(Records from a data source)

____________

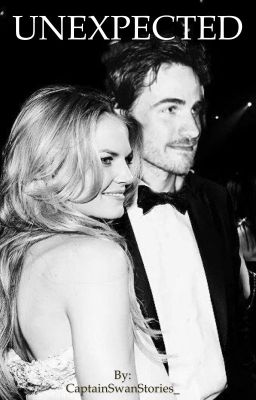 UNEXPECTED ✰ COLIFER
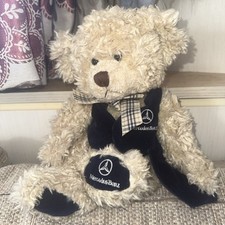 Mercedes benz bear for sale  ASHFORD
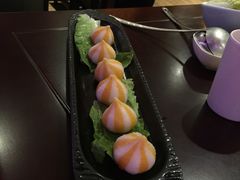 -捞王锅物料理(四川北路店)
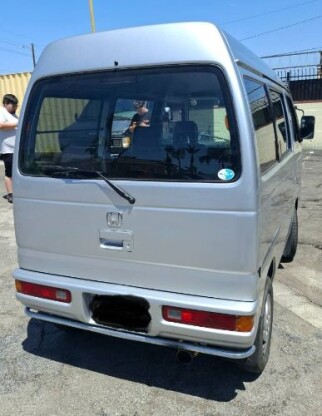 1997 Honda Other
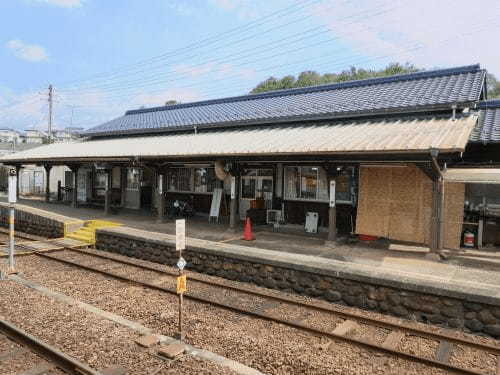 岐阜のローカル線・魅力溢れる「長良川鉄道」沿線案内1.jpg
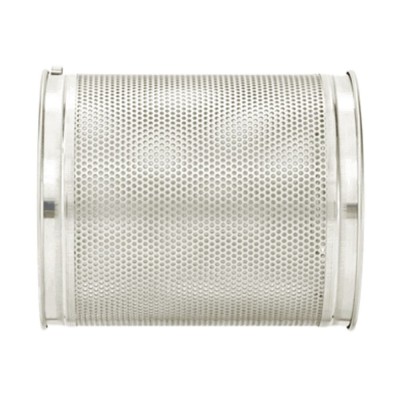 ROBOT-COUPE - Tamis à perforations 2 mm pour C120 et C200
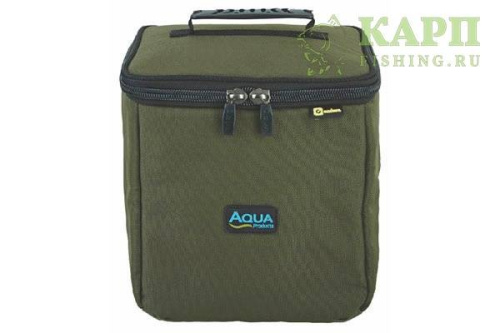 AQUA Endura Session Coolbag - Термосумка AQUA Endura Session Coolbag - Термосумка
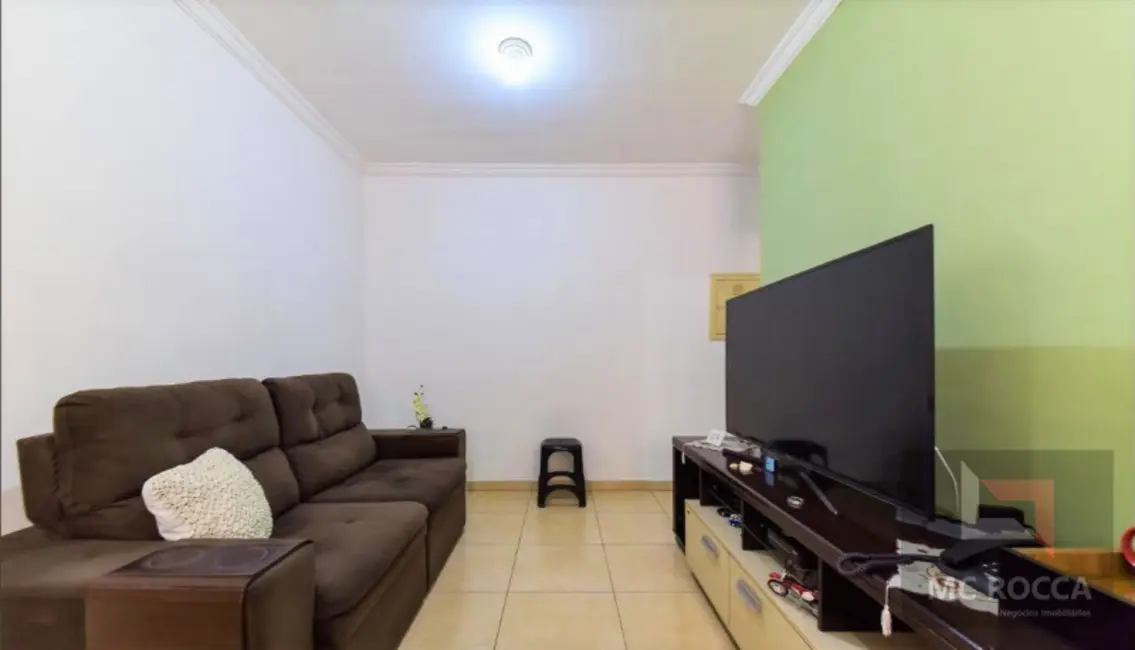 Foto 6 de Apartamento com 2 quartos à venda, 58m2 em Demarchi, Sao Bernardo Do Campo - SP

____________

With the pictures omitted, print the lines above exactly, beginning at the line with "-捞王锅物料理(四川北路店)" and going on through the line with "AQUA Endura Session Coolbag - Термосумка AQUA".

* [SOLUTION BELOW]:
 -捞王锅物料理(四川北路店)
 1997 Honda Other
 岐阜のローカル線・魅力溢れる「長良川鉄道」沿線案内1.jpg
 ROBOT-COUPE - Tamis à perforations 2 mm pour C120 et C200
 AQUA Endura Session Coolbag - Термосумка AQUA Endura Session Coolbag - Термосумка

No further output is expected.